Pendapat Kardaya diamini oleh Lukman Mahfoedz, mantan Presiden Indonesia Association Petroleum (IPA). Baik Kardaya maupun Lukman mengungkapkan para investor khawatir kebijakan bisnis hulu migas masih akan berubah-ubah dengan tidak adanya landasan hukum yang kuat bagi SKK Migas.
"Investasi hulu migas itu butuh dana besar dan jangka panjang. Kalau kebijakan berubah-ubah ini membuat investor merasa tidak aman melakukan investasi," ujar Lukman Mahfoedz yang juga Presiden Direktur PT Medco International ini. Hal ini bisa mengganggu masa depan industri hulu migas di Indonesia.
Akibat tidak memiliki landasan hukum yang kuat, menurut Kardaya, sering sekali SKK Migas tidak bisa mengatasi berbagai persoalan operasional perusahaan Kontraktor Kontrak Kerja Sama (KKKS) yang mengelola lapangan migas di berbagai daerah. Hal ini juga menjadi penyebab produksi minyak mentah Indonesia tak bisa kunjung meningkat.
"SKK Migas sering tidak hadir saat ada persoalan dilapangan. Dibiarkanlah perusahaan-perusahaan itu berhadapan dengan instansi pemerintah maupun masyarakat. Ini sangat keliru!," ujar Kardaya yang juga politisi Partai Gerindra ini. Akibatnya tidak sedikit berbagai persoalan seperti itu berlarut-larut.

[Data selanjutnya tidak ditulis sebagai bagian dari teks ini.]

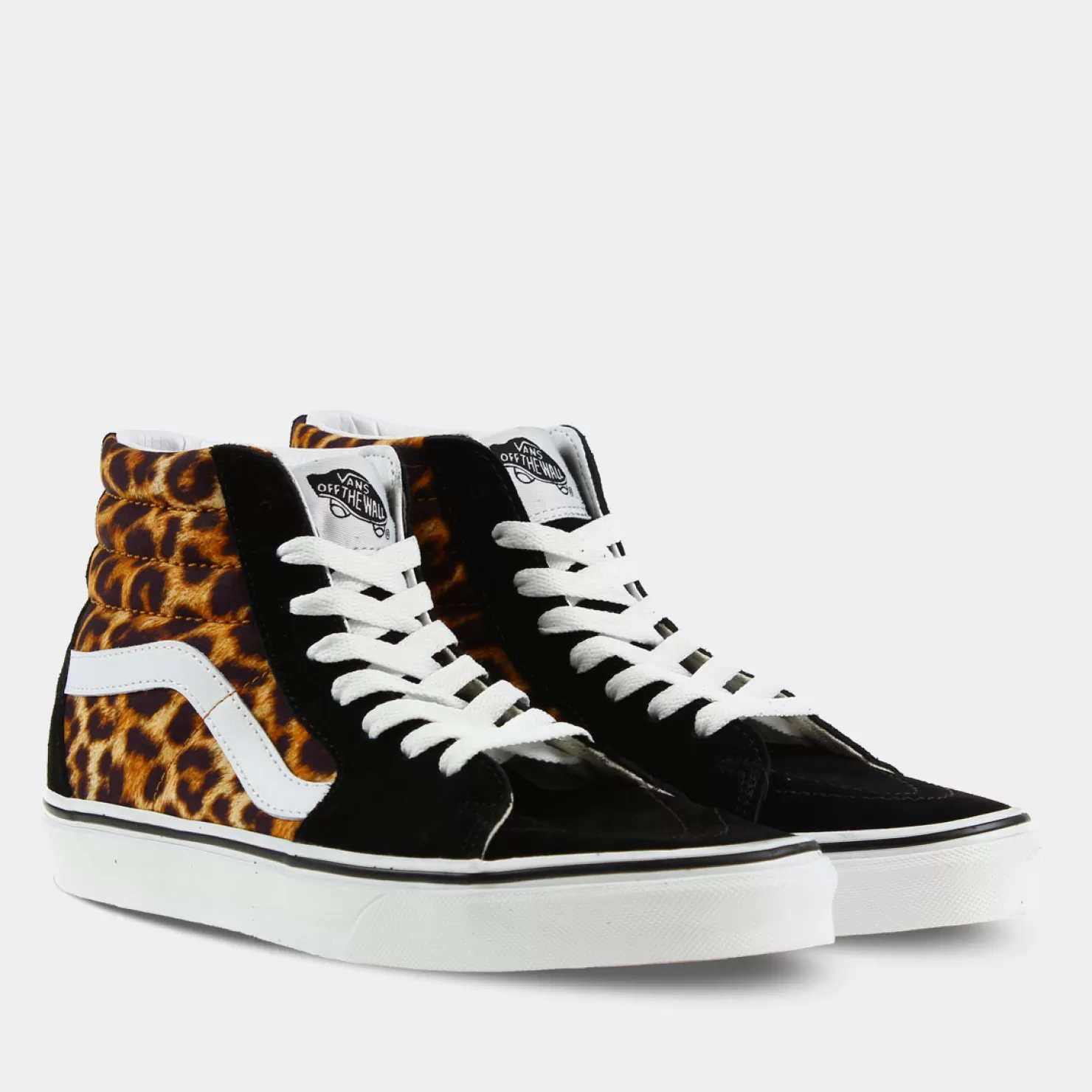 Cheap Sacha Vans Sk8-Hi Zwart/Leopard Dames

Kardaya mengingatkan bagi instansi pemerintah maupun masyarakat, umumnya tidak takut menghadapi perusahaan. Mestinya, SKK Migas tampil di depan menghadapi instansi pemerintah maupun masyarakat agar berbagai persoalan operasional hulu migas yang terjadi bisa segera diatasi. (ris)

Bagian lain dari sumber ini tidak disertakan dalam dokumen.